# [WHAT THIS TASK INVOLVES]
In the records below, find the line containing "Produktbild Batiste Wildflower", then print it and every following line exactly, through the last, without pictures.

# [STORED DATA]
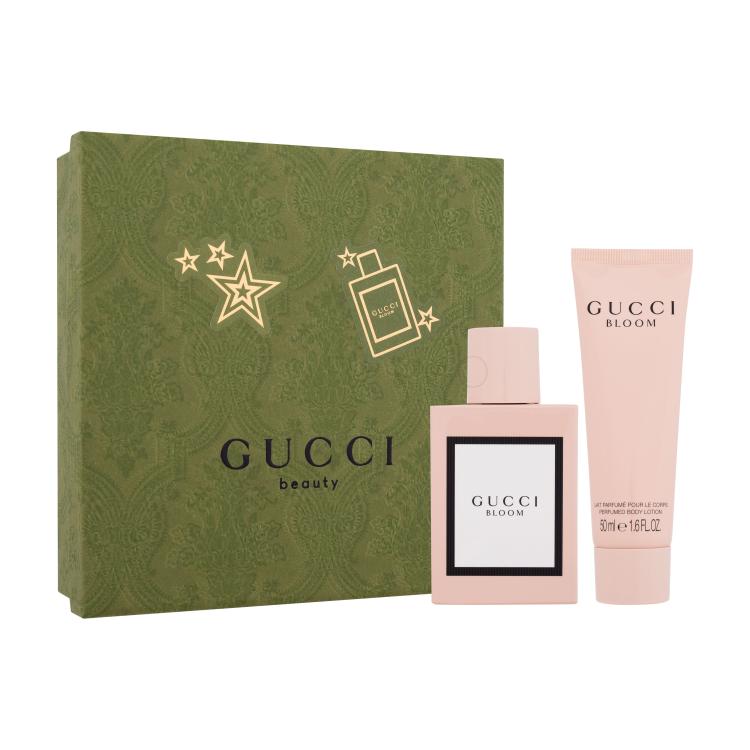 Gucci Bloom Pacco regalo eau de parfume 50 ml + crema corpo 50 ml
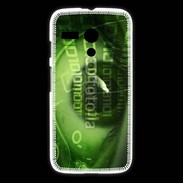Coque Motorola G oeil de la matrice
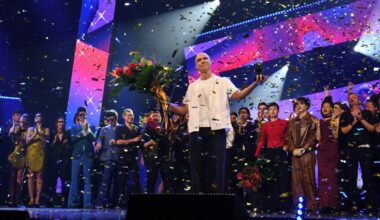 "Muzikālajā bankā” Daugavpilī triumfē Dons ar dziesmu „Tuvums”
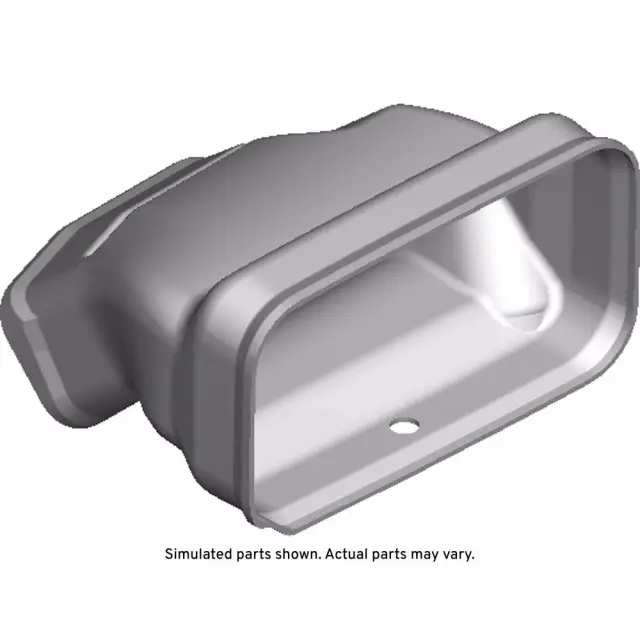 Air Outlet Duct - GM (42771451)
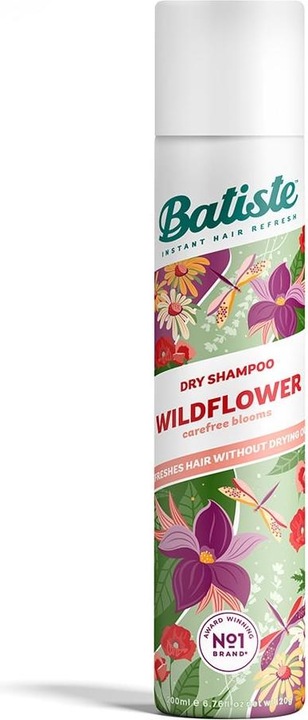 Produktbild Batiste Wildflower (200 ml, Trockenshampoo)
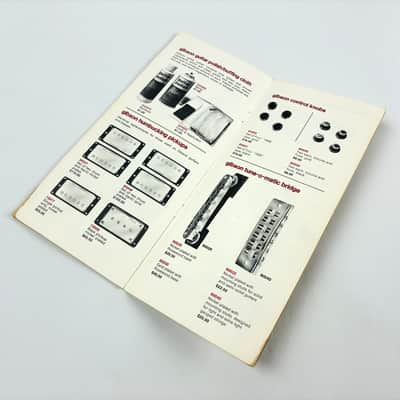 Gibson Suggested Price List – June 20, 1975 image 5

# [ANSWER SECTION]
 Produktbild Batiste Wildflower (200 ml, Trockenshampoo)
 Gibson Suggested Price List – June 20, 1975 image 5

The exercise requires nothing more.